CHAPITRE VI : PETITS PORTRAITS DE RENNES EN FETE
19. Le radis géant
 
        Il y avait autrefois, dans la ville de Condate, un jardinier très pauvre mais qui était aussi très ingénieux. On l’avait surnommé Furlukin bien qu’en fait il s’appelât Denez. 

        Denez Furlukin était plein d’attentions pour le jardin dont il avait à s’occuper. Un jour il s’aperçut que ses légumes poussaient plus vite et devenaient plus gros si on prenait le soin de leur chanter une chanson le soir avant de les laisser dans le froid de la nuit.

 
 
Création Ar Furlukin
        Comme il connaissait la musique et jouait du luth gréco-romain, un instrument celtique de l’époque, Denez Furlukin se mit à exécuter quelques gigues le soir dans son jardin avant de s’en aller traîner dans la rue Saint-Michel où étaient, et où sont toujours les plus fameuses tavernes de Condate. 

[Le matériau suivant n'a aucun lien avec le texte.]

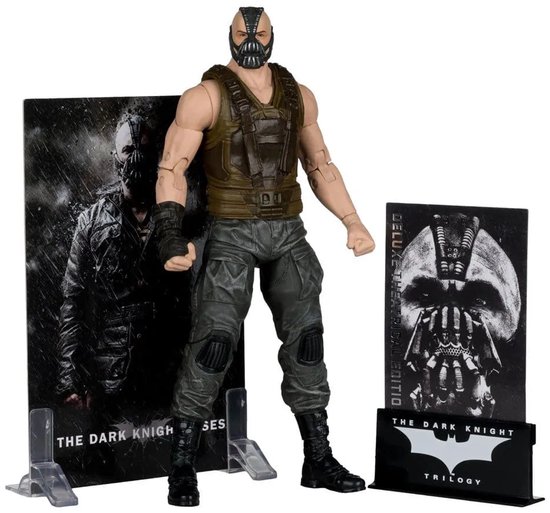 Actiefiguur van Bane, met masker, bruine vest en grijze broek, geflankeerd door "The Dark Knight Rises" achtergrondkaarten.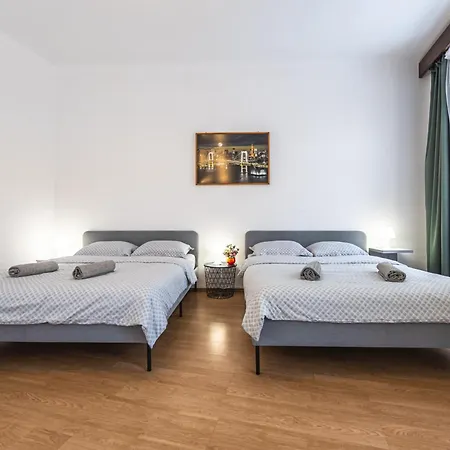 Modern 2br 5 Min Walk To Wenceslas Square Apartment *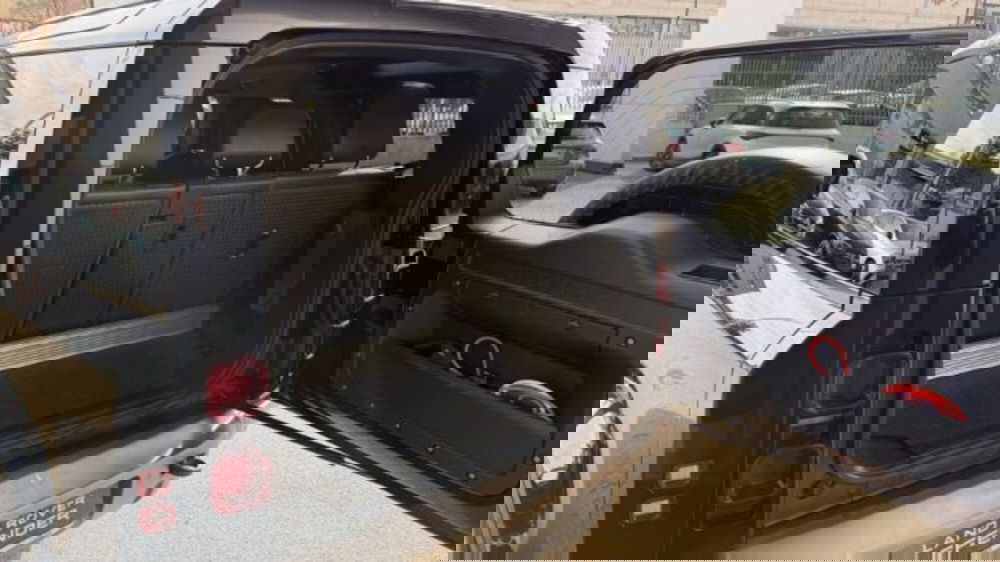 Land Rover Defender usata a Potenza (12)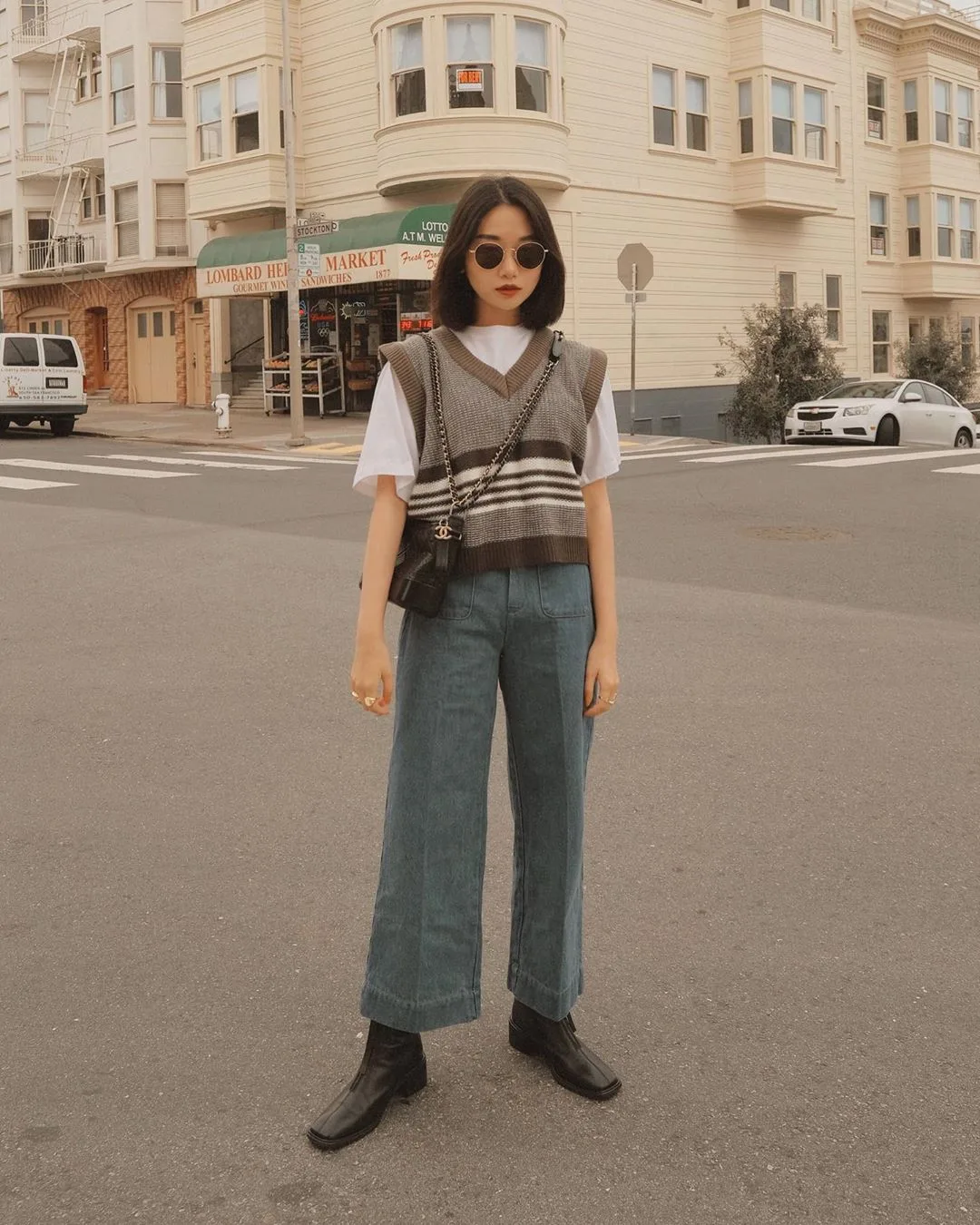 phối đồ layer với sweater vest và áo thun trắng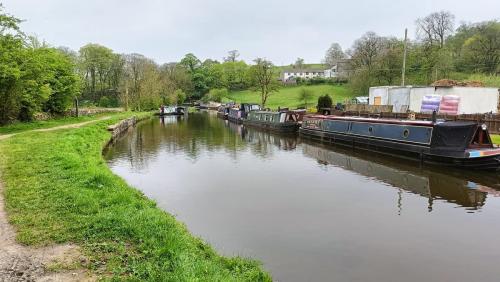 Leeds and Liverpool Canal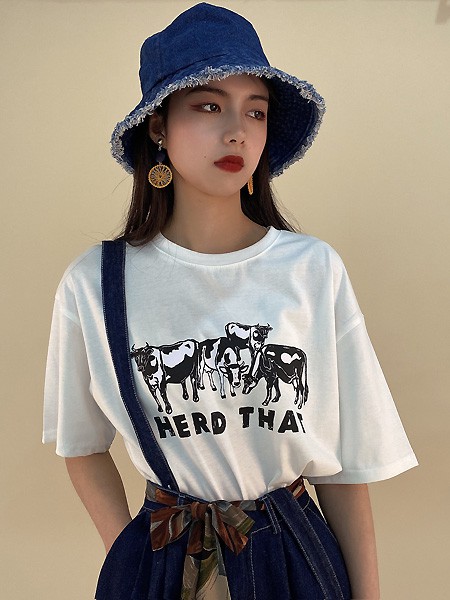 留刻LIUKE女装2023春夏季白色T恤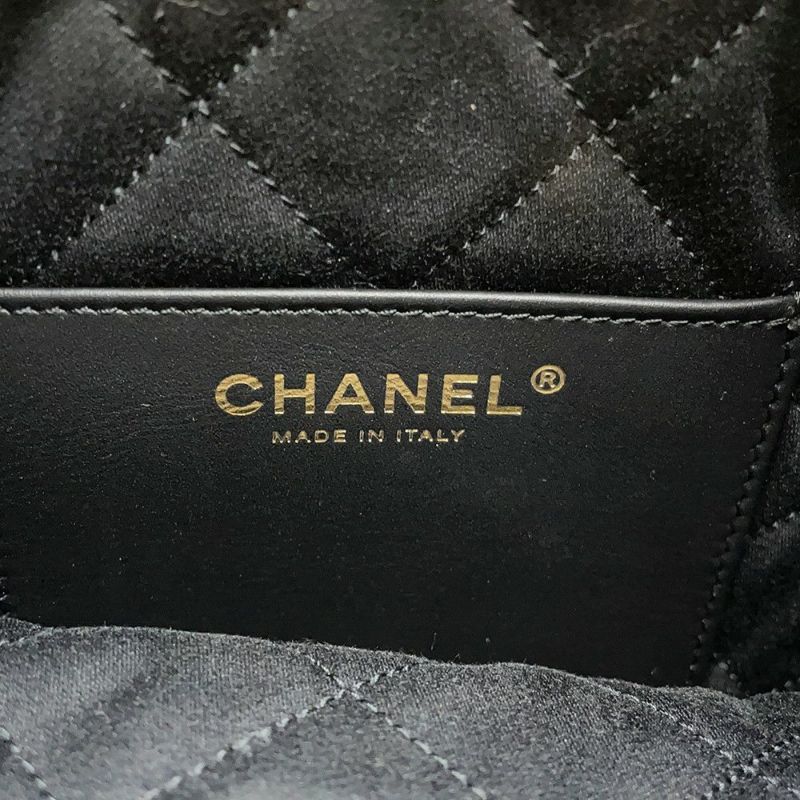 シャネル ハンドバッグ CHANEL 22 ミニ ココマーク シャイニーカーフレザー AS3980 CHANEL 2wayショルダーバッグ 黒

        C’est ainsi que se mirent à pousser, sur son petit lopin de terre, des radis géants. Jamais on n’avait vu auparavant en ce bas monde d’aussi énormes radis. Ils mesuraient bien deux mètres de hauteur et pesaient au moins trente kilos chacun leur tour. Oui, oui, chacun leur tour car il n’en pouvait pousser qu’un seul par jour. Mais bon, un radis de trente kilos, découpé en rondelles et vendu au marché des Lices, ça lui rapportait gros, au Denez Furlukin. De quoi pouvoir aller, le soir venu, dans la rue Saint-Michel fréquenter les tavernes avec ses compagnons de fortune. 

 
        Mais voilà qu’un matin, au moment de faire sa récolte, notre ami ne trouva que les fanes du radis : quelqu’un avait volé et peut-être mangé son légume favori, sa source de profit, son petit gagne-pain si durement acquis. Le lendemain, même scénario. Le surlendemain rebelote. Et le quatrième jour, remake américain.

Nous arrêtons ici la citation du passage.